München – Einen so freudigen Montagmorgen (11. September) hatte Markus Söder schon lange nicht mehr. Im Kaisersaal der Münchner Residenz blickt der Ministerpräsident in 300 strahlende Gesichter von Bäuerinnen und Bauern, als er an dem barocken Schreibtisch den Zukunftsvertrag zur Landwirtschaft unterzeichnet. Söder, seine Agrarministerin Michaela Kaniber (CSU), Bauernpräsident Günther Felßner und Christine Singer setzen ihre Namen unter das achtseitige Papier, das der bayerischen Landwirtschaft pro Jahr zusätzlich 120 Millionen Euro und einmalig fünf Millionen Euro für die Digitalisierung garantiert.

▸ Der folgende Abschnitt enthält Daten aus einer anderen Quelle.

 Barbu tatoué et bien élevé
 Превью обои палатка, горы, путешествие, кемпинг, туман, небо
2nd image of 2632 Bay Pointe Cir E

Das Geld soll für 60 Maßnahmen eingesetzt werden
„Wir haben so viel erreicht“, freut sich ein Vertreter des Bauernverbands zu Beginn der Feierstunde, die für die Landwirte, die unter sinkender Akzeptanz in der Bevölkerung leiden, wie Labsal auf ihren verletzten Seelen ist. Das Geld, das nun in 60 Maßnahmen zur Förderung der bäuerlichen Familienbetriebe, der bäuerlichen Tierhaltung, für Pflanzenbau und Erneuerbare Energien, ein aktives Wassermanagement und gesunde, regionale Ernährung, Bildung und Entbürokratisierung eingesetzt werden soll, ist für die Bauern wie ein Landregen auf ausgetrockneten Feldern. Mit dem Geld sollen etwa 50 weitere Berater für nachhaltige Tierhaltung, der Umbau von tierwohlgerechten Ställen sowie die Förderung regionaler Erzeugnisse bezahlt werden. Nach dem Vertrag sollen rechtliche Grundlagen geschaffen werden, um „Problemtiere“ – etwa den Wolf – schnell entnehmen zu können. Der Flächenverbrauch soll auf fünf Hektar pro Tag begrenzt werden.

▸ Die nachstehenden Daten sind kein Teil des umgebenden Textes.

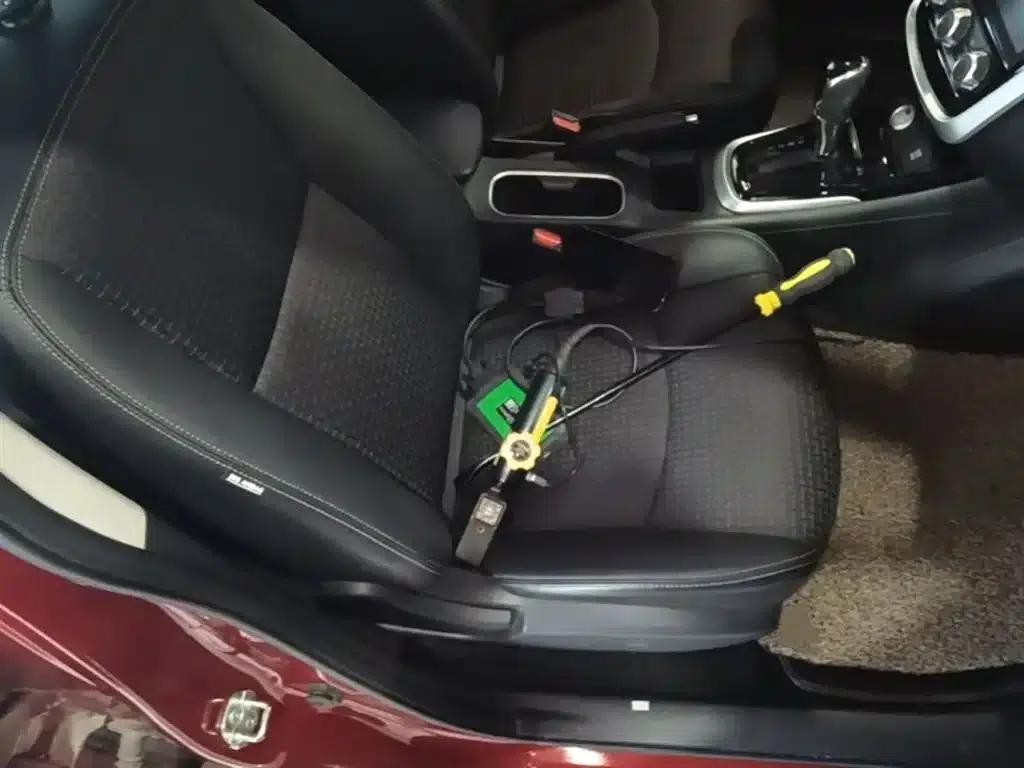 2016 Tiida 1.6L CVT Smart Edition — миниатюра 25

Freilich wissen die Bauern, dass Söder vier Wochen vor der Landtagswahl mit einem solchen Programm sie als wichtige Wählerschaft im Blick hat. „Aber wir wären ja dumm, wenn wir die ausgestreckte Hand nicht nehmen würden“, so einer aus der Runde der Kreisobmänner. Vom „Highway in die bioökologische Zukunft Bayern“ schwärmt Bauernpräsident Günther Felßner über den Vertrag, der als Meilenstein, als klares Bekenntnis der Staatsregierung zur bäuerlichen Landwirtschaft und zur Nutztierhaltung gelobt wird.
Zwei Jahre lang am Vertrag gefeilt
Zwei Jahre lang wurde an dem Vertrag gefeilt. Wie man hört, war bis vor einem Monat nicht sicher, ob Söder die Mittel in der Größenordnung zusagt. Dann wurde vor zwei Wochen der Vertrag im Heimat-Ministerium in Nürnberg unterschriftsreif beschlossen.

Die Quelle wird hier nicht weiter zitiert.